Such a specialist is expected to have practical knowledge of medical procedures and
applications as well as of the technology, and should be experienced in treating the indications
stated in chapter 1.1.1.
The specialist must have the basic physical and cognitive prerequisites such as vision, hearing
and reading. Furthermore, the basic functions of the upper extremities must be guaranteed.
The instrument is designed for a demographic target group between 18 and 65 years.
1.3.2 Training of the operator
Operators of the ShockMaster 300 must have been adequately trained in using this system
safely and efficiently before they operate the instrument described in this handbook.
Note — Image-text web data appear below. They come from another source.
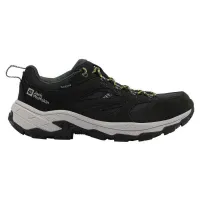 Jack Wolfskin Vojo Tour Texapore Low Wanderschuhe Jack Wolfskin Vojo Tour Texapore Low Wanderschuhe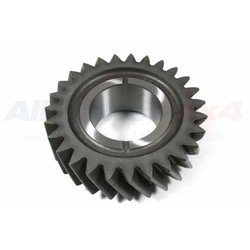 FTC2462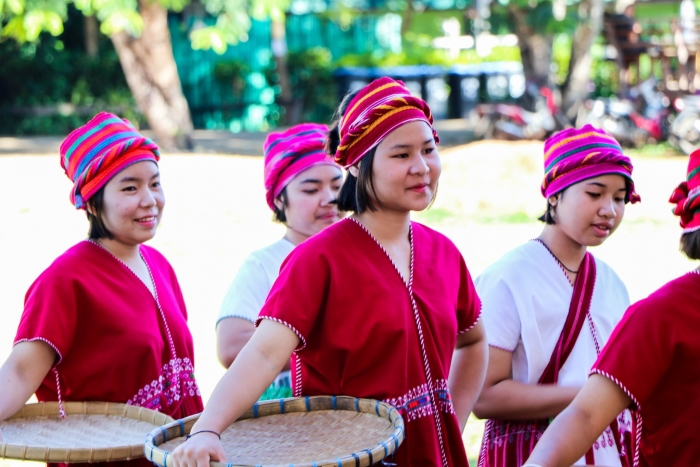 คำบรรยายภาพ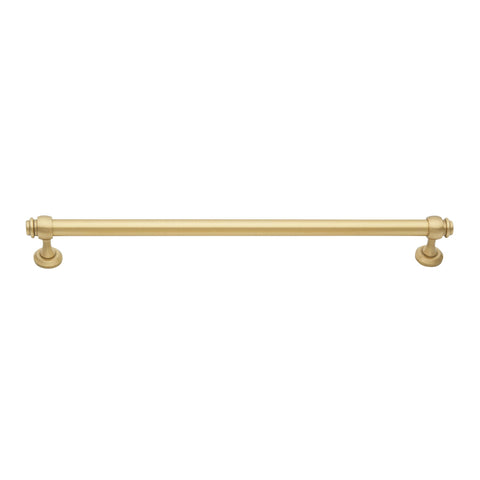 MARINA ISLES Lexington Premium Hamptons Handle and Appliance Pull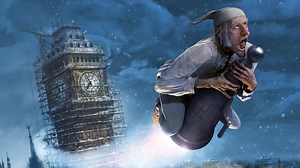 Watch A Christmas Carol 2009 full movie on Fmovies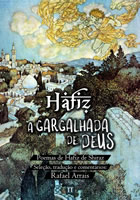 Hafiz - A gargalhada de Deus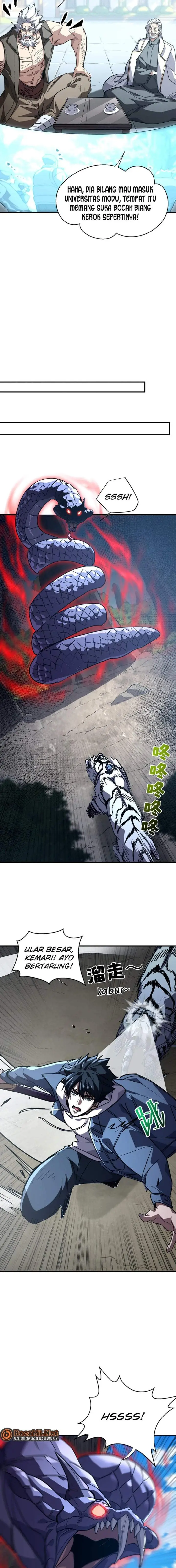 image-komik-high-martial-world-one-hand-to-overwhelm-three-thousand-emperors-chapter-45-10/21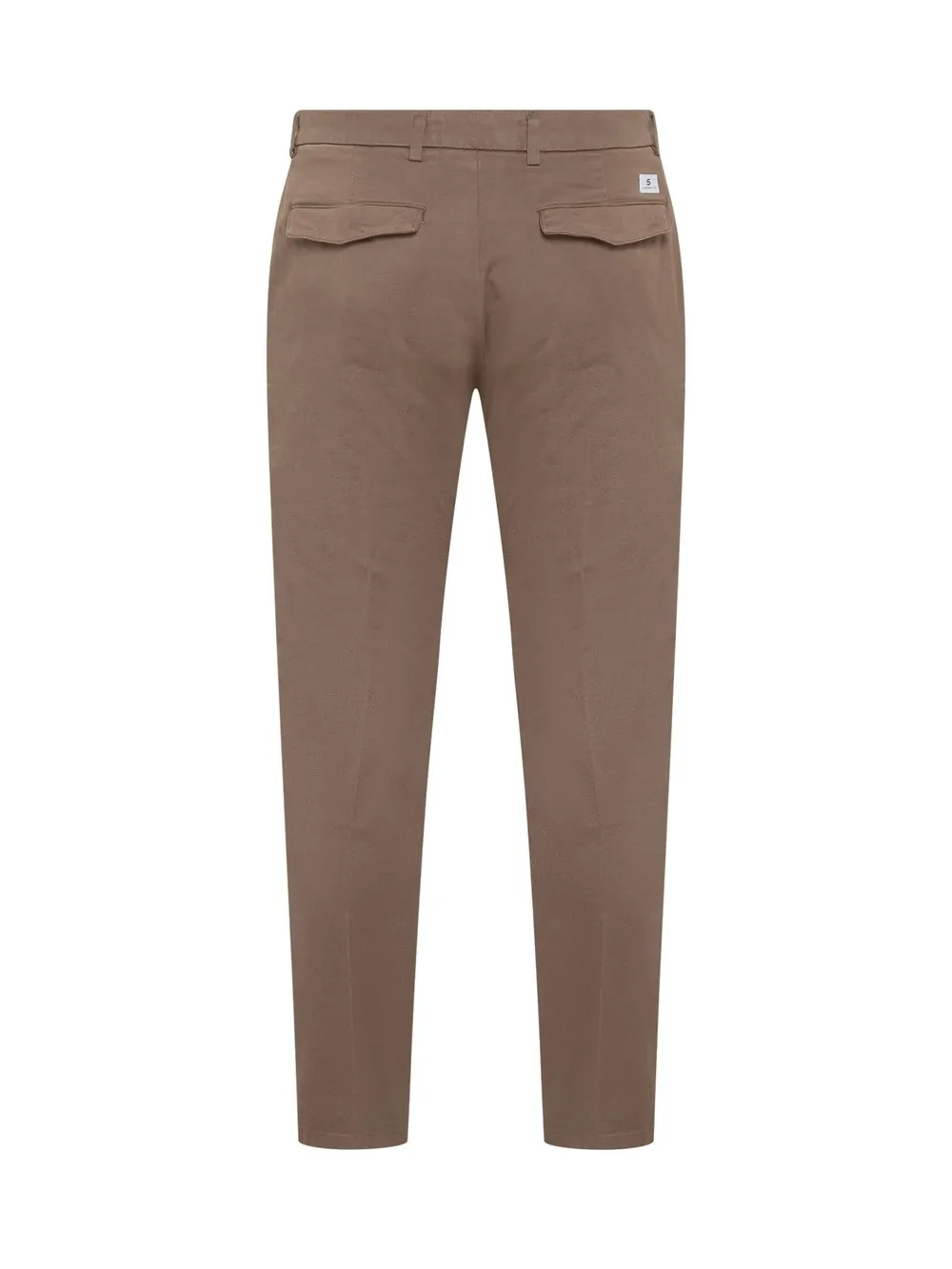 DEPARTMENT5 Pantalone Prince 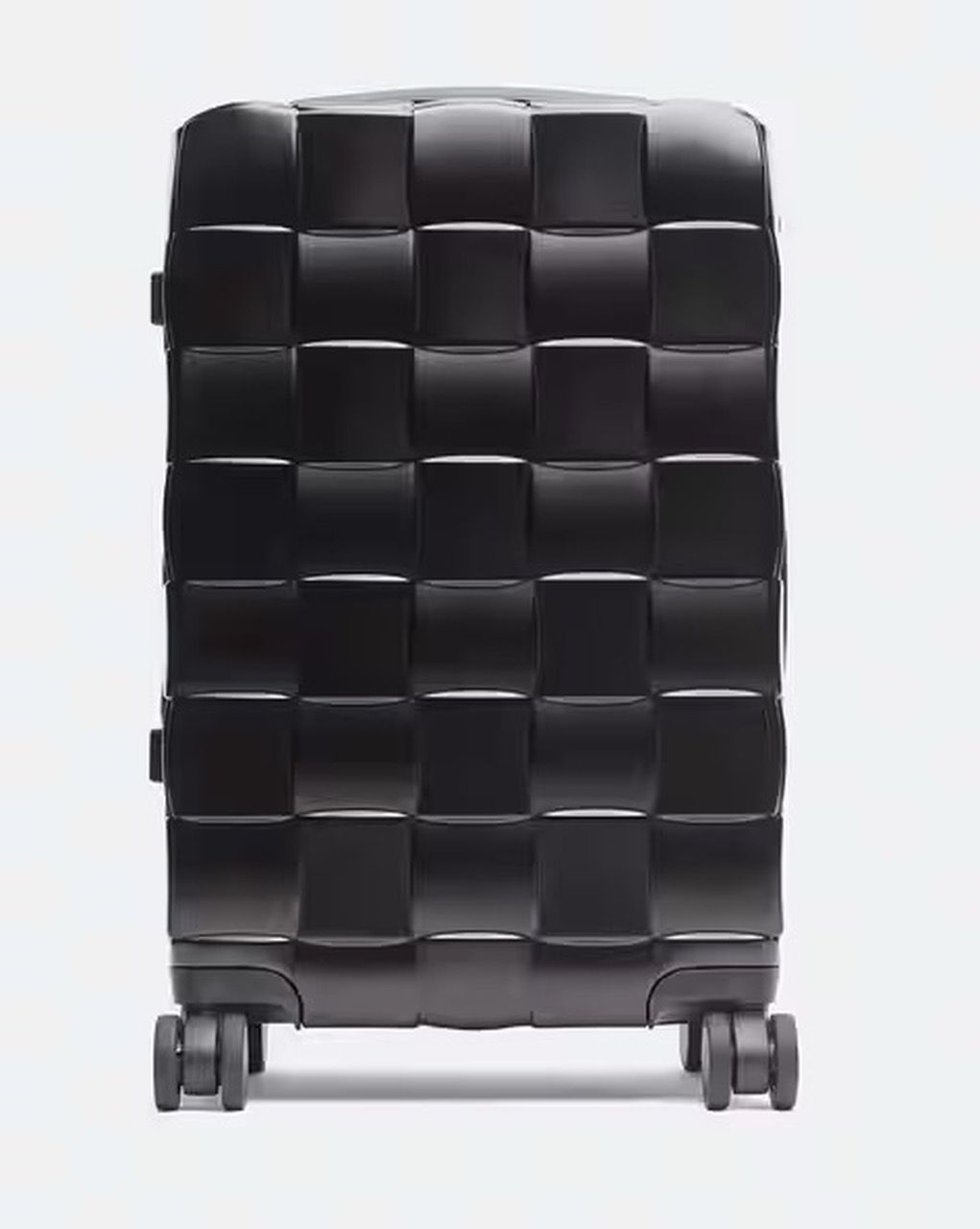 Bottega_Veneta_Odyssey_Cabin_Suitcase_upscaled Large.jpeg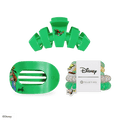 Disney Goofy Bundle - Medium 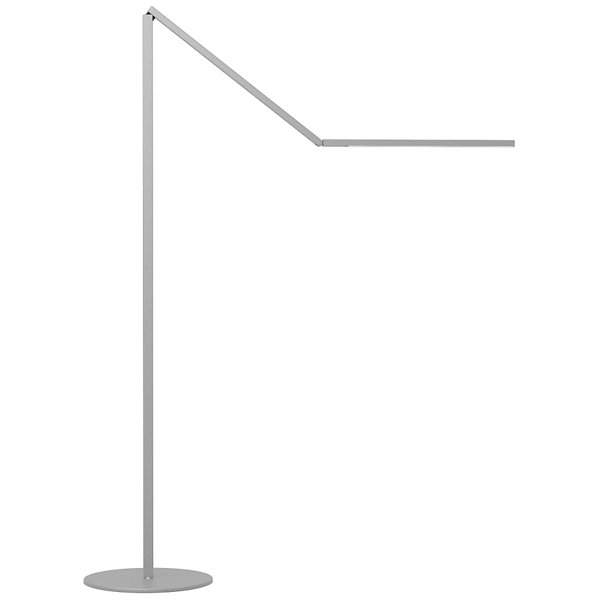Z-Bar Gen 3 Floor Lamp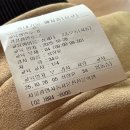 옳은안경 | 늦깎이 겁쟁이의 10일 만에 면허 취득 한 후기 / 광명운전전문학원 / 기능,주행 선생님 추천⭐️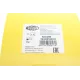 Датчик положення колінвалу MAGNETI MARELLI 064848180010 для Audi A4, VW Passat B5 1991-2008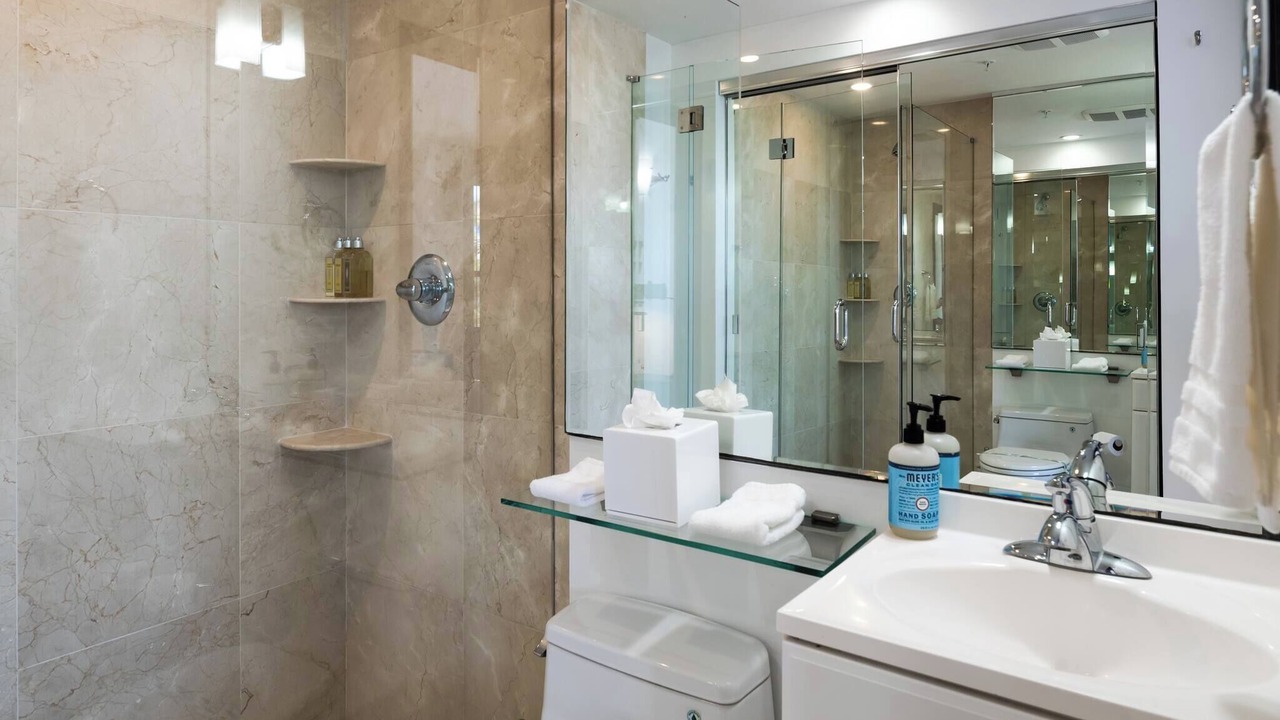 Photo of Others in Palm Beach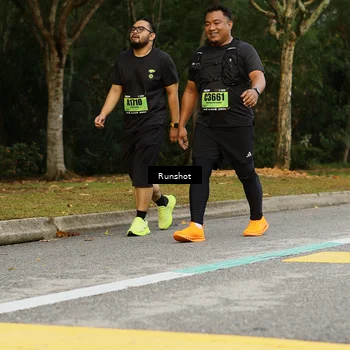 Runner Photo 5467151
An
introduction to the principles of operation can be provided by your dealer with reference to this
operating manual.
The operator must be instructed in the following points:
•Instruction in the operation and designated use of the instrument with practical
exercises
•Mechanism of action and function of the instrument and the energies delivered by it
•All component settings
•Indications for use of the instrument
•Contraindications and side effects of the therapy waves
•Explanation of the warning notes in all operating statuses
•Instruction in how to perform the functional checks
Further training requirements vary from country to country. It is the operator’s responsibility
to ensure that the training meets the requirements of all applicable local laws and regulations.
Further information on training in the operation of this system is available from your dealer.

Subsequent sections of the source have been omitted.